Dataset extract ->
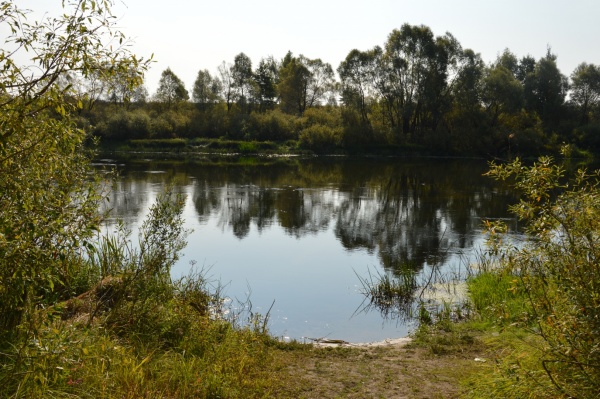 Отдых у воды: где можно купаться в Рязанском районе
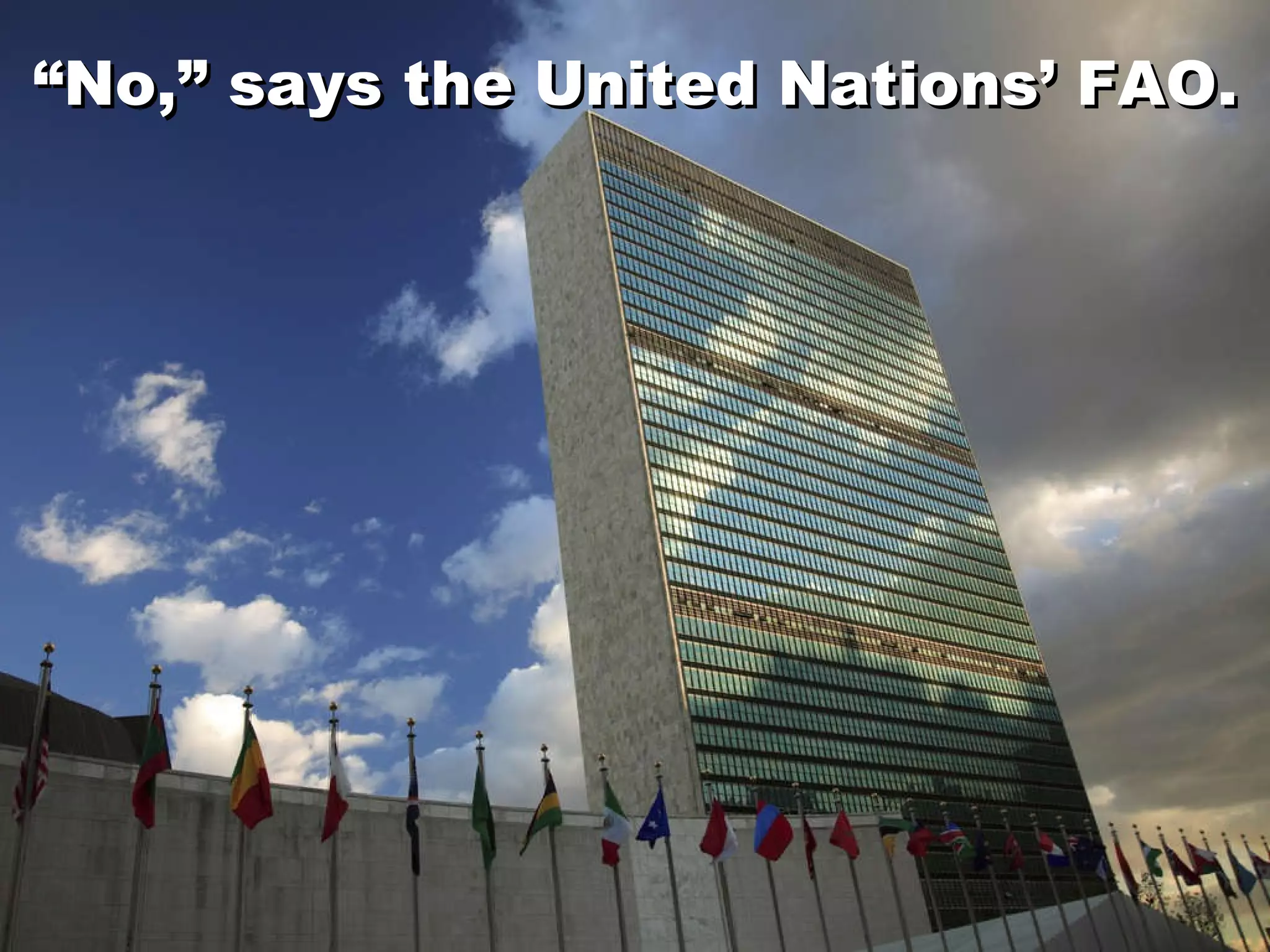 “ No,” says the United Nations’ FAO. “ No,” says the United Nations’ FAO. 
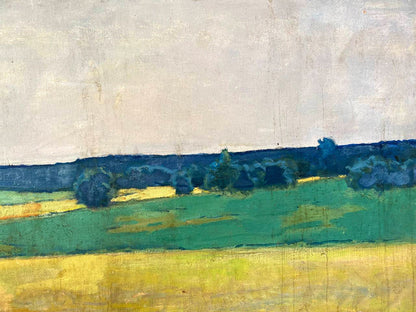 Oil painting Ukrainian fields Pavlyuk Nikolay Artemovich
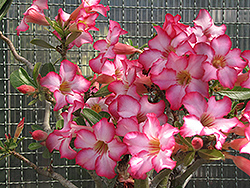 Longtang Desert Rose (Adenium obesum 'Longtang') at A Very Successful Garden Center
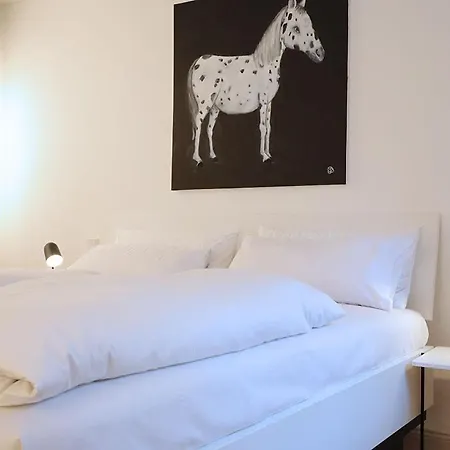 Apartament Wassergasse 11 Ratyzbona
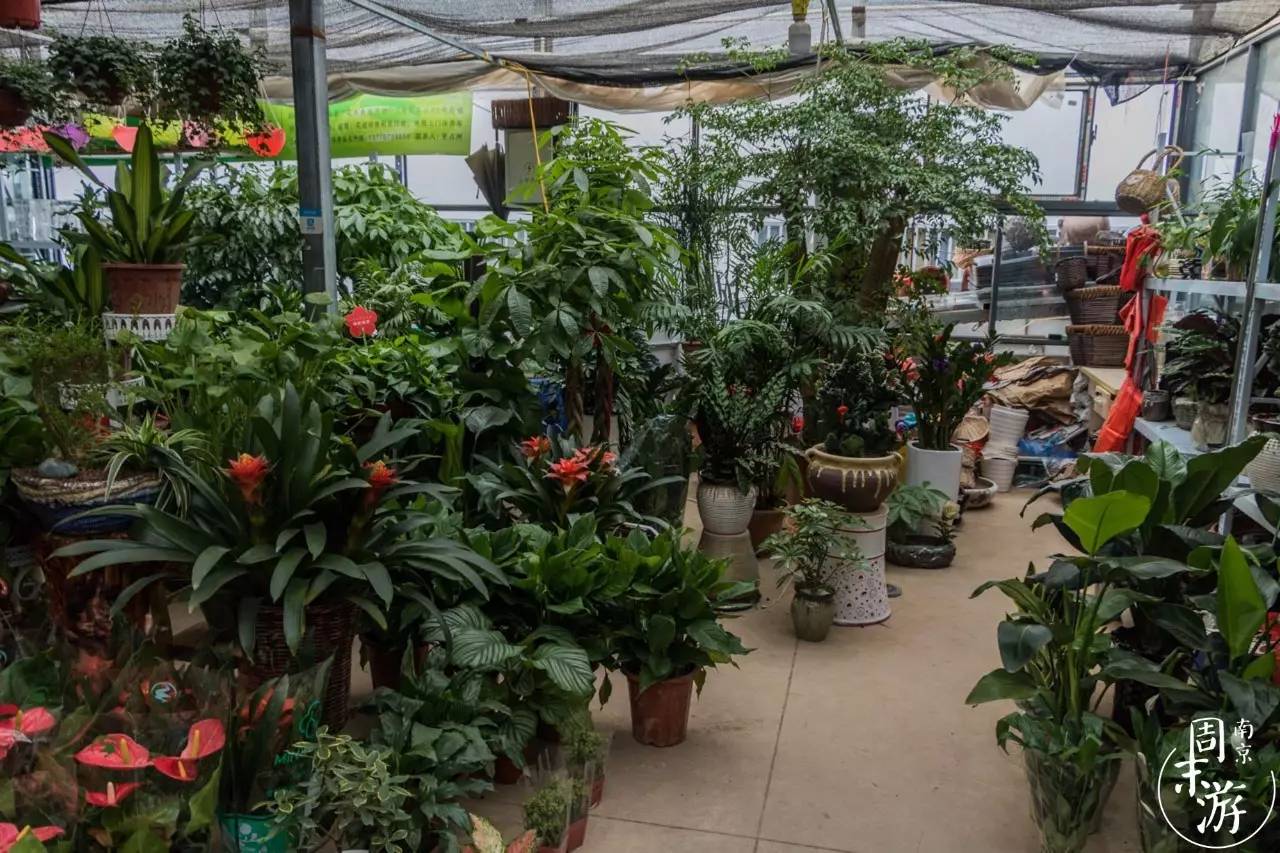 逛遍整个南京城,南京的花鸟市场在什么地方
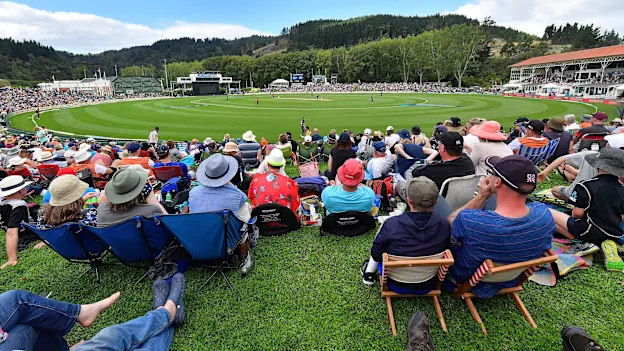 Cricket spectators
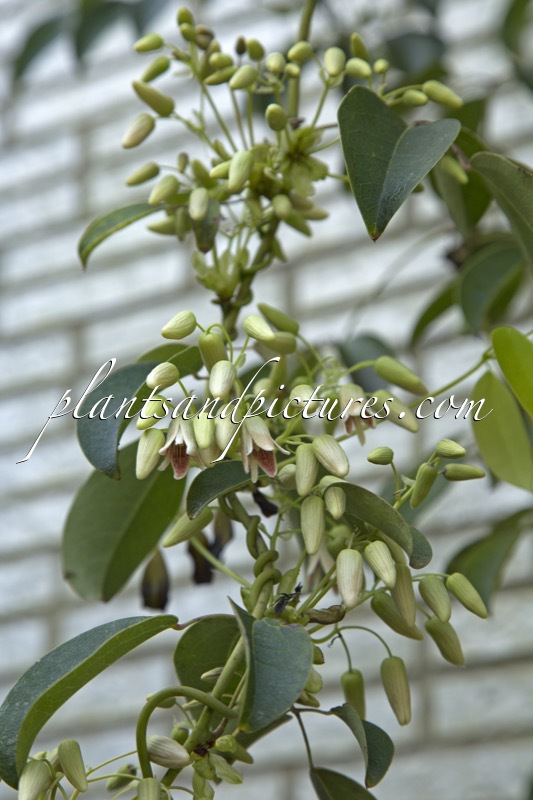 Stauntonia hexaphylla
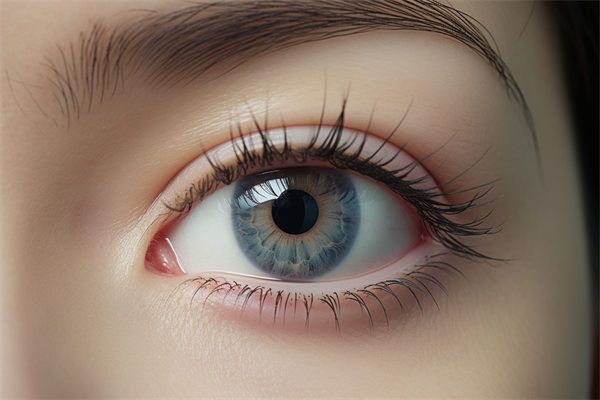 上海九院眼整形修復(fù)口碑怎么樣？醫(yī)院特色與收費標(biāo)準(zhǔn)詳解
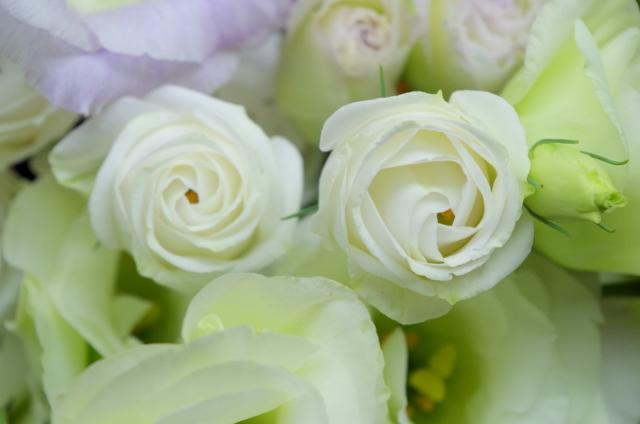 トルコキキョウ(10月10日の誕生花)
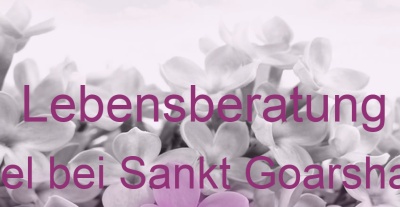 Lebensberatung Weisel bei Sankt Goarshausen | Top-Experten für Kartenlegen, Wahrsagen, Hellsehen, Zukunftsdeutung. Lebensberatung Weisel bei Sankt Goarshausen | Top-Experten für Kartenlegen, Wahrsagen, Hellsehen, Zukunftsdeutung.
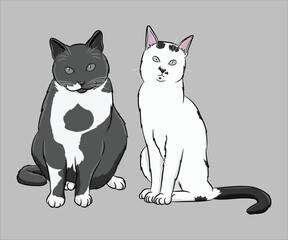 Two Cats Illustration Grey White Feline Pair Cartoon Pet Characters Sitting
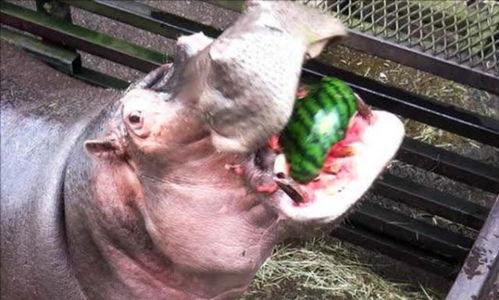 河马吃瓜 流口水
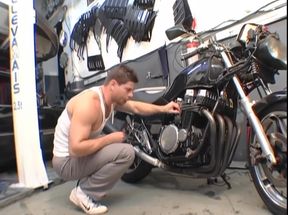 The Prey of Motorcyclists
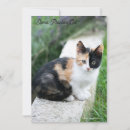 Search for cat save the dates Humour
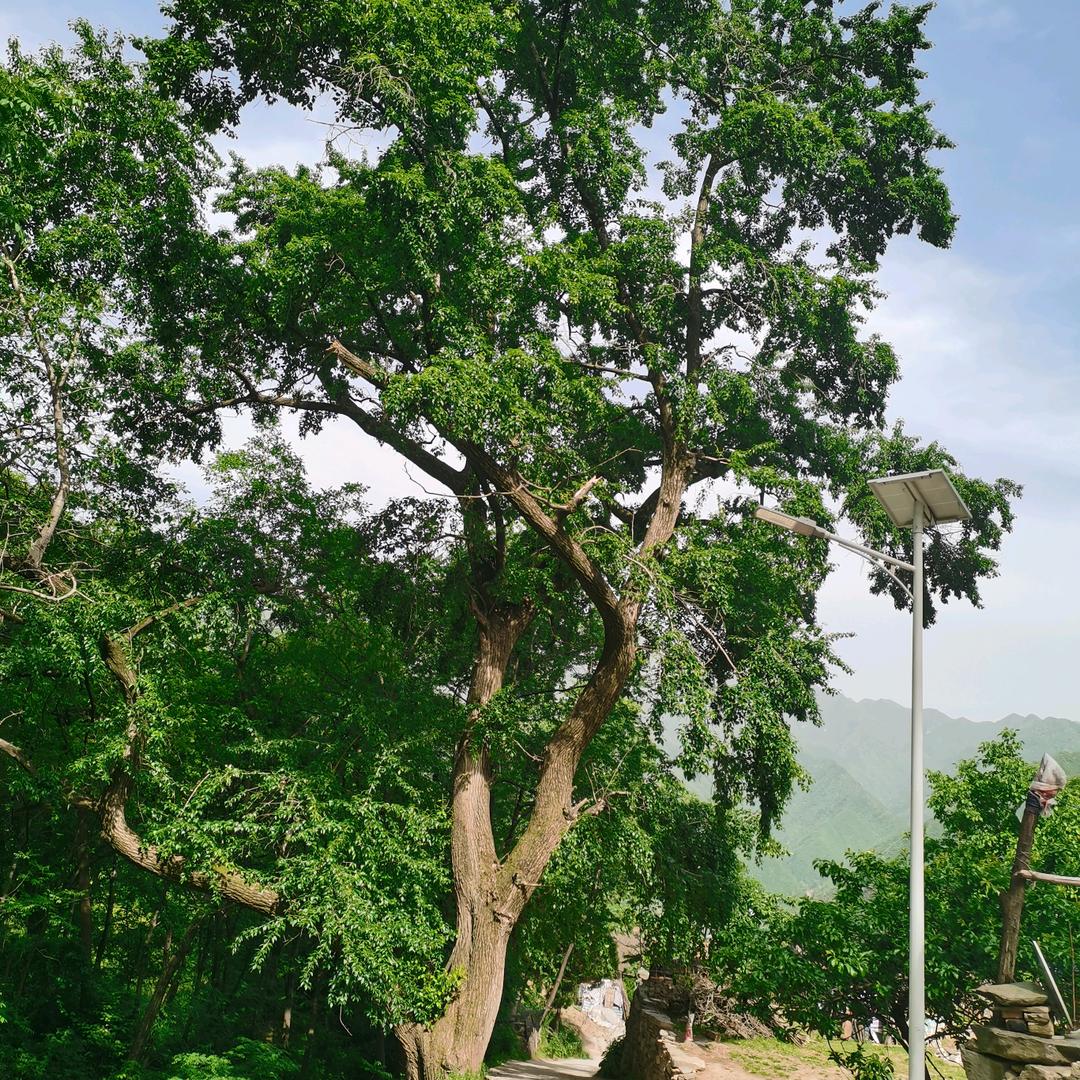 🚬᭄ཽ࿆低調ঞৣঁ大叔࿐᭄ོ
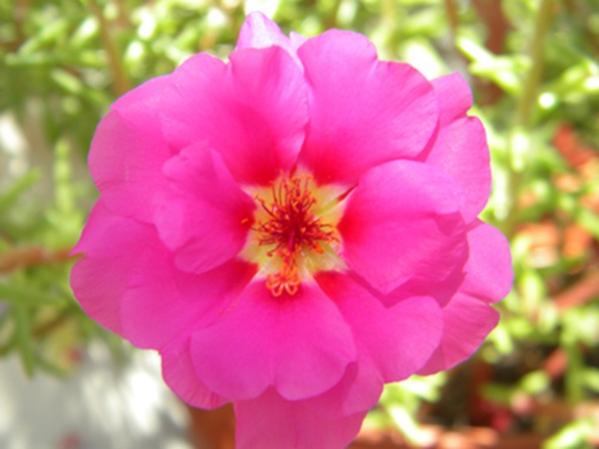 Name:  DSCN3864.jpg
Views: 14048
Size:  29.7 KB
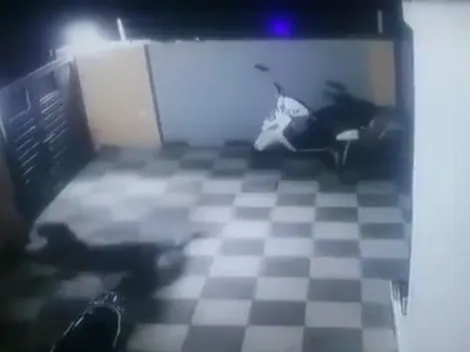 Video impresionante: perro se defiende del ataque de un jaguar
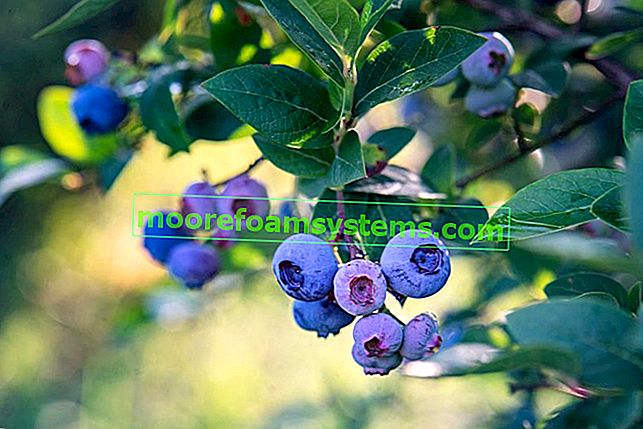 Odrůdy borůvek Bluecrop, stejně jako další doporučené a dobré odrůdy borůvek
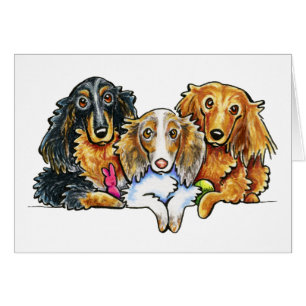 Langhaariges Dackel-Trio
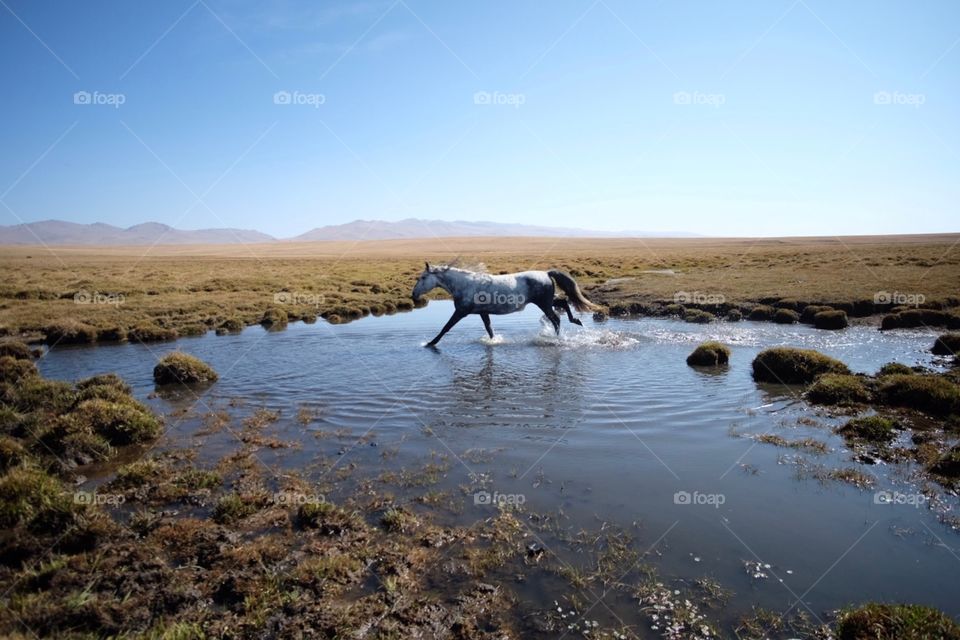 Wild horse running away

Task ->
Taking each record in turn, retype it exactly and drop any picture.

Written reply ->
 Отдых у воды: где можно купаться в Рязанском районе
 “ No,” says the United Nations’ FAO. “ No,” says the United Nations’ FAO. 
 Oil painting Ukrainian fields Pavlyuk Nikolay Artemovich
 Longtang Desert Rose (Adenium obesum 'Longtang') at A Very Successful Garden Center
 Apartament Wassergasse 11 Ratyzbona
 逛遍整个南京城,南京的花鸟市场在什么地方
 Cricket spectators
 Stauntonia hexaphylla
 上海九院眼整形修復(fù)口碑怎么樣？醫(yī)院特色與收費標(biāo)準(zhǔn)詳解
 トルコキキョウ(10月10日の誕生花)
 Lebensberatung Weisel bei Sankt Goarshausen | Top-Experten für Kartenlegen, Wahrsagen, Hellsehen, Zukunftsdeutung. Lebensberatung Weisel bei Sankt Goarshausen | Top-Experten für Kartenlegen, Wahrsagen, Hellsehen, Zukunftsdeutung.
 Two Cats Illustration Grey White Feline Pair Cartoon Pet Characters Sitting
 河马吃瓜 流口水
 The Prey of Motorcyclists
 Search for cat save the dates Humour
 🚬᭄ཽ࿆低調ঞৣঁ大叔࿐᭄ོ
 Name:  DSCN3864.jpg
Views: 14048
Size:  29.7 KB
 Video impresionante: perro se defiende del ataque de un jaguar
 Odrůdy borůvek Bluecrop, stejně jako další doporučené a dobré odrůdy borůvek
 Langhaariges Dackel-Trio
 Wild horse running away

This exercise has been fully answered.